Submitted to: BioMed Central (BMC) Genetics
Publication Type: Peer Reviewed Journal
Publication Acceptance Date: 11/14/2008
Publication Date: 12/4/2008
Citation: Wiedmann, R.T., Smith, T.P., Nonneman, D.J. 2008. SNP discovery in swine by reduced representation and high throughput pyrosequencing. BioMed Central (BMC) Genetics. 9:81.

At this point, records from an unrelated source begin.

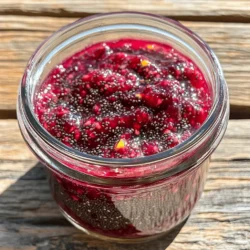 - Fresh Raspberries - Chia Seeds - Sweetener Options (Honey or Maple Syrup) - Lemon Juice - Salt Selecting the Best Raspberries Choose fresh, ripe raspberries for the best flavor. Look for berries that are bright red and firm. Avoid any that are mushy or have dark spots. Fresh raspberries yield a sweeter jam. Choosing Between Honey and Maple Syrup You can use either honey or maple syrup as sweeteners. Honey adds a richer taste, while maple syrup gives a light flavor. Adjust the amount based on your taste. Start with two tablespoons and add more if needed. Omega-3 Fatty Acids Chia seeds are packed with omega-3 fatty acids. These fats are good for your heart. They may also help reduce inflammation in your body. Fiber Content Chia seeds are high in fiber. Fiber helps with digestion and keeps you feeling full longer. This can be great if you're trying to eat healthier. Antioxidants Chia seeds are rich in antioxidants. Antioxidants help protect your body from damage. They can support your overall health and wellness. - Mashing the Raspberries Start with fresh raspberries. Place them in a medium saucepan. Use a fork or potato masher to mash them. You want them to break down and release their juices. This should take about 2-3 minutes. - Simmering the Mixture After mashing, turn on the heat to medium. Stir in your sweetener, either honey or maple syrup. Let the mixture simmer for about 5 minutes. This helps the flavors blend nicely. - Adding Sweetener and Lemon Juice Once the raspberries bubble, remove the pan from heat. Add 1 tablespoon of lemon juice. This adds brightness to your jam. Mix in a pinch of salt to balance the flavors. - Incorporating Chia Seeds Now, mix in 2 tablespoons of chia seeds. Stir everything well to combine. Let it sit for 5-10 minutes. The chia seeds will soak up the liquid and thicken your jam. - Cooling and Storing in a Jar After the jam thickens to your liking, transfer it to a clean glass jar. Let it cool to room temperature. This helps keep it fresh longer. - Recommended Storage Practices Seal the jar tightly and place it in the fridge. Your jam will last up to 2 weeks. Enjoy it on toast, yogurt, or as a sweet treat in many dishes. For the full recipe, refer to the detailed instructions above. - Achieving the Right Thickness To get the perfect jam texture, let it sit after mixing. The chia seeds need time to absorb the liquid. After 5-10 minutes, check the thickness. If it’s too runny, add a bit more chia seeds. Let it sit longer. You can always adjust. - Adjusting Sweetness Level Taste your jam before sealing it. If you want it sweeter, add a little more honey or maple syrup. Stir it well. Remember, you can always add more, but you can't take it out once it's in! - Overcooking the Raspberries Watch your raspberries closely! If you cook them too long, they can lose their flavor and color. You want them to be soft but not mushy. Just heat until they start to bubble. - Insufficient Chia Seed Mixing Mix the chia seeds in well. If you don’t mix them enough, the jam won’t thicken properly. Use a whisk or a fork to make sure they spread out evenly. This step is key to a nice, smooth jam. - Best Uses for Raspberry Chia Seed Jam This jam is great on toast or pancakes. You can also use it in yogurt or oatmeal. Try it as a topping for desserts like cakes or ice cream. It adds a fresh pop of flavor! - Pairing Ideas For a tasty treat, spread it on whole grain toast. Add some nut butter for extra protein. You can also mix it into smoothies for a fruity boost. The possibilities are endless! {{image_2}} You can easily change the taste of your raspberry chia seed jam. Here are some fun ideas: - Adding Other Berries: Mix in blueberries, strawberries, or blackberries. This can give your jam a new twist while keeping it fruity and fresh. Each berry adds its own flavor and makes the jam more colorful. - Spice Infusion: A dash of cinnamon or ginger can warm up your jam. Just add a pinch to the mix while cooking. These spices can create a cozy feel and enhance the taste in a unique way. If you want to change the sweet taste, try these options: - Using Agave Nectar: Agave nectar is a great substitute for honey or maple syrup. It has a mild flavor and is sweeter than sugar. This makes it easy to use less for the same sweetness. - Sugar-Free Options: You can also use stevia or erythritol if you want a sugar-free jam. These sweeteners can keep the jam sweet without added calories. Just adjust the amount to fit your taste. You can enjoy a tasty jam with less sugar by making a few simple changes: - Adjusting Ingredient Quantities: Use less sweetener in your recipe. You can start with just one tablespoon and taste as you go. This helps you find the right balance for your jam. - Healthier Sweetener Choices: Choose natural sweeteners like honey or maple syrup, but use less. They can still give your jam a nice taste while cutting back on added sugar. For the full recipe, check out the [Full Recipe] section. To keep your raspberry chia seed jam fresh, use glass jars. Glass is safe and does not leach chemicals like some plastics. Make sure the jars are clean and dry before use. Use airtight containers to seal in flavor and moisture. A tightly sealed jar helps prevent spoilage. Always store the jam in the fridge after it cools. Your homemade jam can last up to two weeks in the fridge. Check for signs of spoilage before using. If you want to keep it longer, freezing is a great option. To freeze, pour the jam into freezer-safe containers. Leave some space at the top for expansion. You can freeze it for up to six months. When you are ready to use it, let it thaw in the fridge overnight. Look for a change in color or texture. If the jam appears darker or has an off smell, it might be bad. Also, check for mold on the surface. If you see any mold, throw it away. Always trust your senses when it comes to food safety. - Refrigerator Duration: The jam stays fresh in the fridge for up to two weeks. Store it in a clean jar. Always check for mold before using. - Freezer Duration: You can freeze this jam for about six months. Use an airtight container to keep it safe. Thaw in the fridge before using. Yes, frozen raspberries work well. They are often picked at peak ripeness. This keeps their flavor strong. Just thaw them before mashing. Fresh raspberries add a brighter taste, but frozen is a great option too. This jam is super versatile! Here are some fun ideas: - Spread it on toast or bagels. - Top your yogurt or oatmeal. - Use it in smoothies for a fruity boost. - Drizzle over pancakes or waffles. - Mix it into desserts like cakes or cheesecakes. Explore these ideas to enjoy your Raspberry Chia Seed Jam! You can find the full recipe above to get started. You now know how to make delicious raspberry chia seed jam. We covered the best ingredients and tips for quality results. You learned about the health benefits of chia seeds. I shared step-by-step instructions to guide you through the process. Remember to avoid common mistakes for the best texture and taste. With variations, you can create your unique twist. Store your jam properly to keep it fresh. Enjoy your homemade jam with toast, yogurt, or as a tasty topping! Happy jamming!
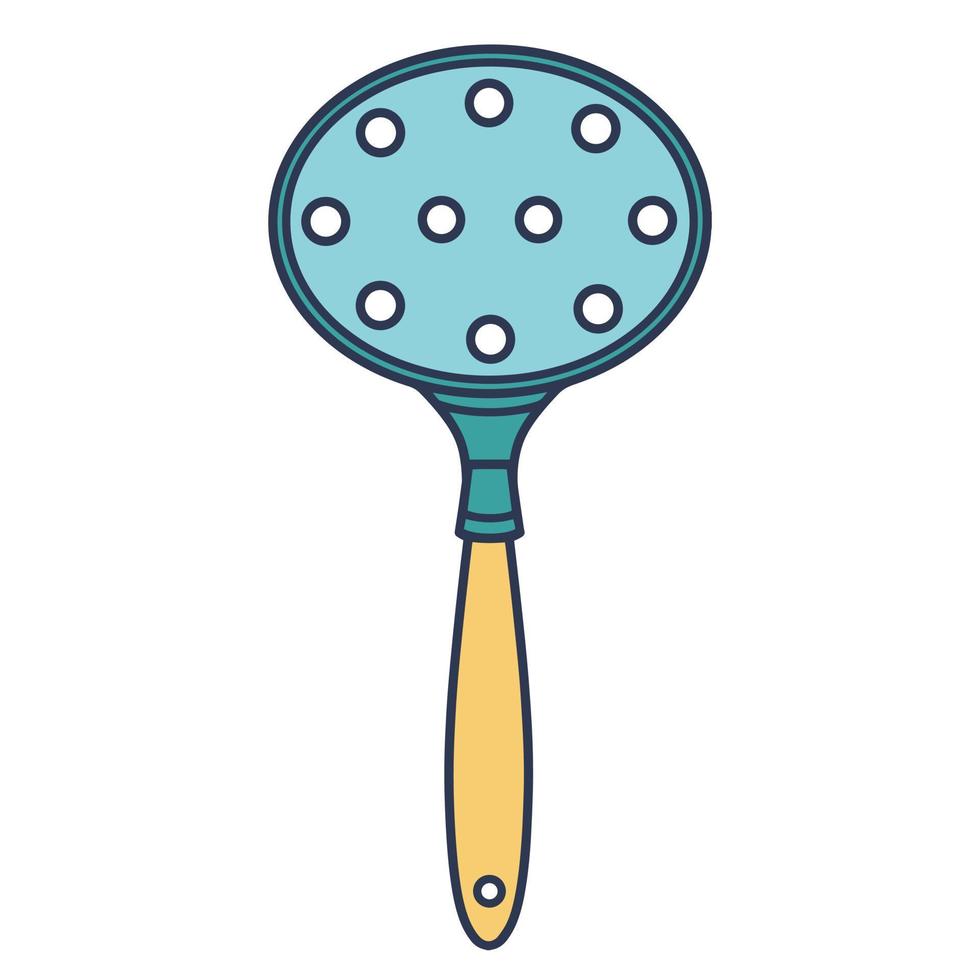 icono de vector de skimmer. ilustración de color dibujada a mano aislada sobre fondo blanco. Cuchara ranurada de cocina con mango, agujeros pequeños. cubiertos para cocinar alimentos, quitar espuma, remover. Imágenes Prediseñadas planas de dibujos animados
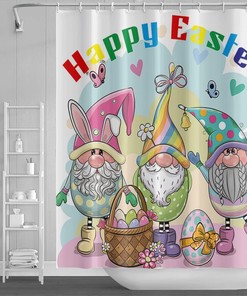 Cute Easter Genome Shower Curtain with Funny Rabbit and Colorful Egg Design for Kids Bathroom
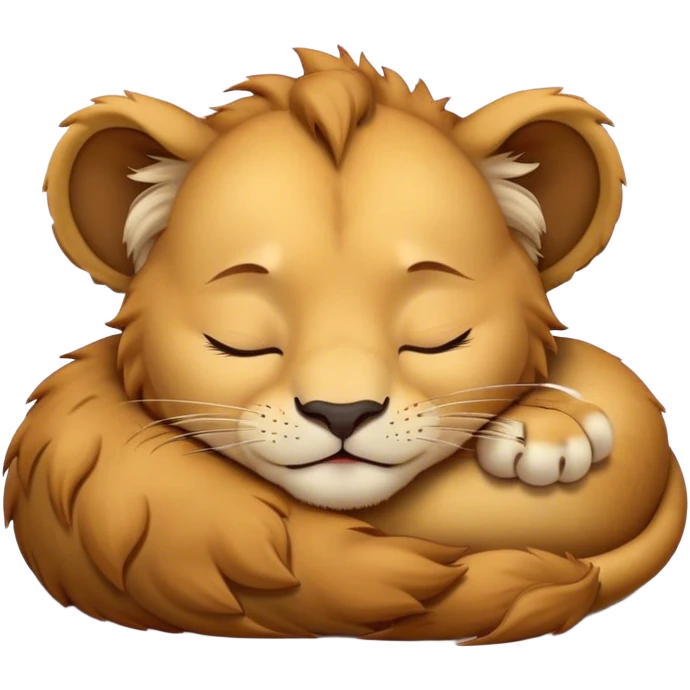 Meme-Worthy Cute Sleeping Lion Cub Portrait Emoji, Head resting peacefully with a contented smile, showcasing a robust build and a luxuriously soft tawny Fur with a flowing mane, eyes shut in a serene, restful nap, Simplified yet hilariously adorable features, highly detailed, glowing with a soft, drowsy light, high shine, relaxed and utterly lovable, stylized with an air of playful laziness, bright and heartwarming, soft glowing outline, capturing the essence of a comically sleepy Lion Cub, so meme-worthy it feels like it could instantly become the next viral sensation of adorable slumber! emoji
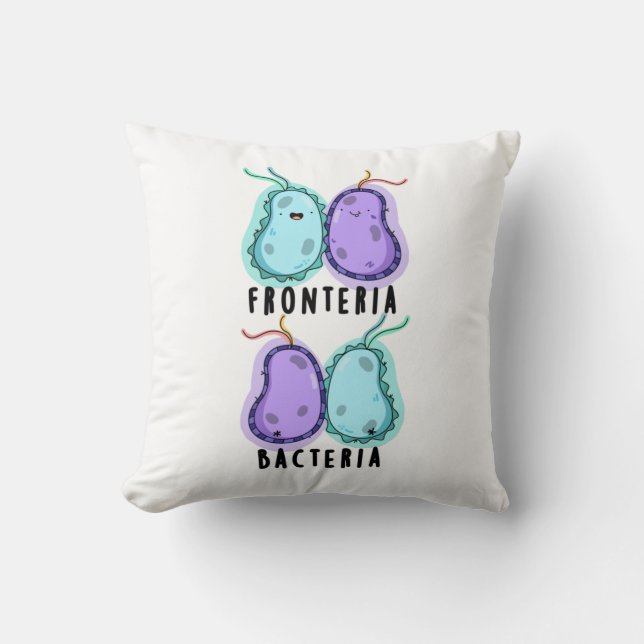 Fronteria Bacteria Funny Biology Pun Kudde (Framsida)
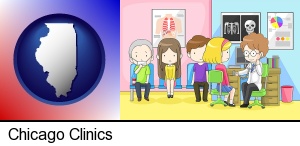 Chicago, Illinois - a clinic, showing a doctor and four patients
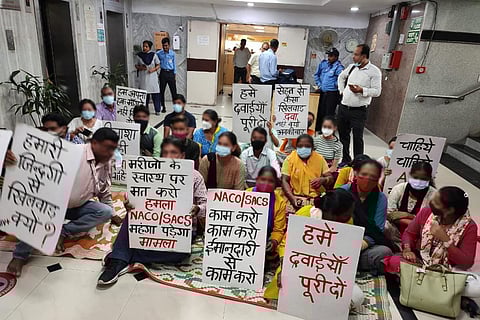 Claiming a shortage of antiretroviral drugs, HIV patients have been protesting since July 21 outside the National AIDS Control Organisation office in Delhi (Photo: Hari Shankar Singh)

Interpretive Summary: The availability of pig genome sequence, a high density of markers, and cost effective SNP genotyping will allow genome-wide association studies in swine. A major limitation to the development of highly parallel genotyping assays for swine is a lack of suitable SNPs for genotyping. This project was designed to identify large numbers of single nucleotide polymorphisms (SNP) distributed throughout the pig genome that could be used for high density genotyping. We used reduced representation sequencing to reduce the complexity of the genome and massively parallel second-generation sequencing to identify large numbers of high-confidence SNP for high density genotyping on a cost effective platform. The library was comprised of DNA pooled from twenty-six industry-relevant boars, which was digested to completion with a restriction enzyme and a representative portion of the individual genomes was obtained by DNA fragment size-selection. About five million sequence reads were collected and assembled into over 420,000 fragments with an average depth of about 8-fold. Putative SNPs were identified if each of two alleles appeared at least twice. The average depth of the assemblies containing SNP was 12.5 fold. About 130,000 single nucleotide polymorphisms (SNP) were found in over 51,000 unique fragments randomly distributed over the pig genome. This process was a highly effective way to identify a large number of pig SNPs to produce a high density, cost effective genotyping platform.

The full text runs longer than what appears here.